**Source data:**
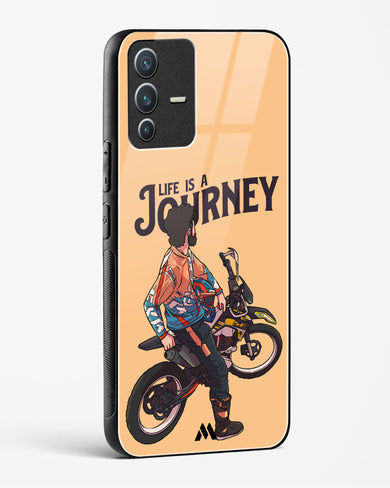 Life is a Journey Glass Case Phone Cover (Vivo)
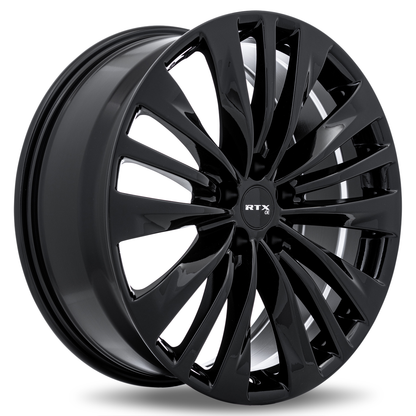 20x8 RTX TY-02 Gloss Black Wheel 5x4.5 (35mm)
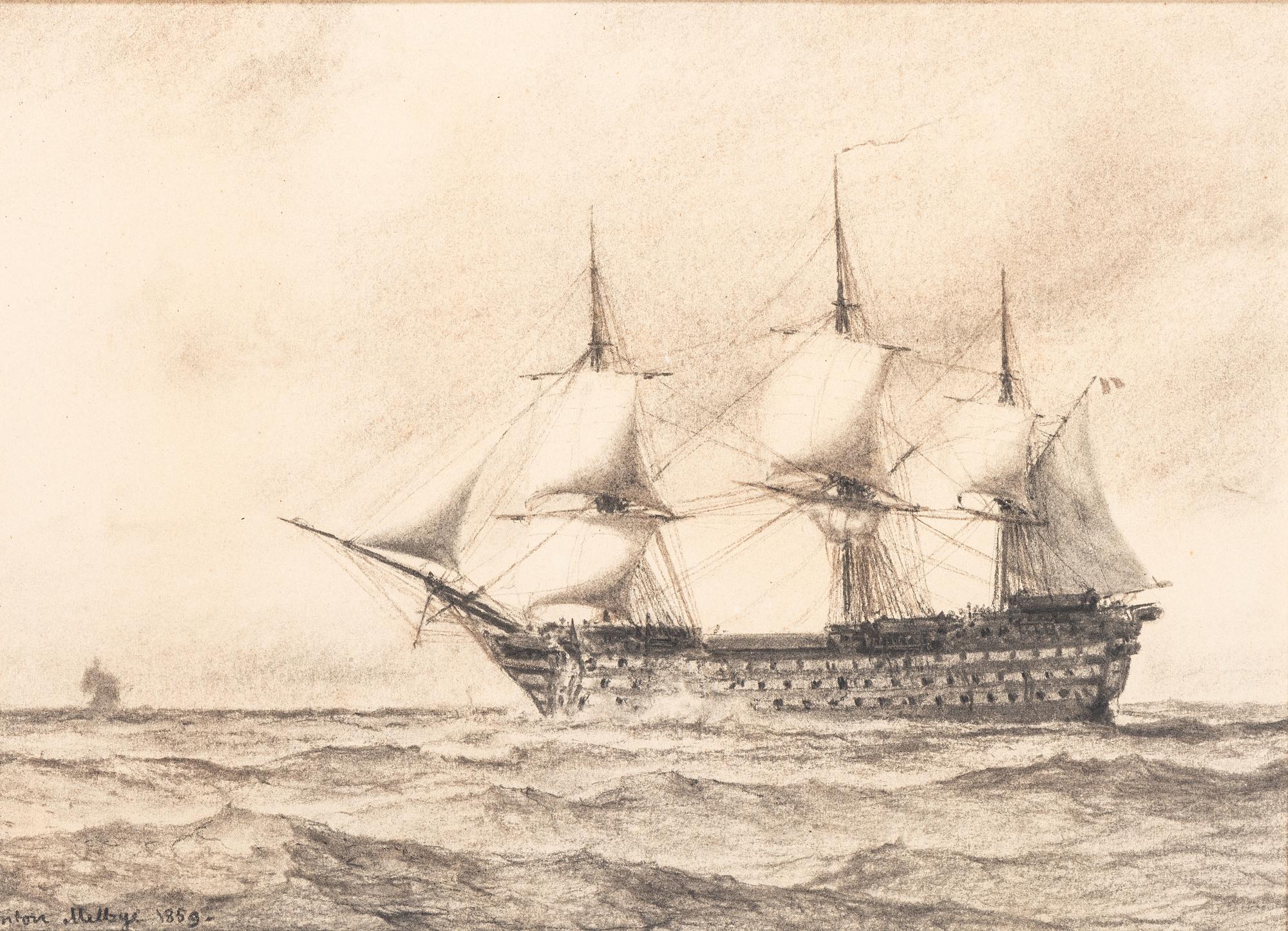 Daniel Hermann Anton Melbye (Danish, 1818-1875)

**Your task:** Please retype the data exactly as it appears, but without any of its pictures.

**Reply to the task:**
 Life is a Journey Glass Case Phone Cover (Vivo)
 20x8 RTX TY-02 Gloss Black Wheel 5x4.5 (35mm)
 Daniel Hermann Anton Melbye (Danish, 1818-1875)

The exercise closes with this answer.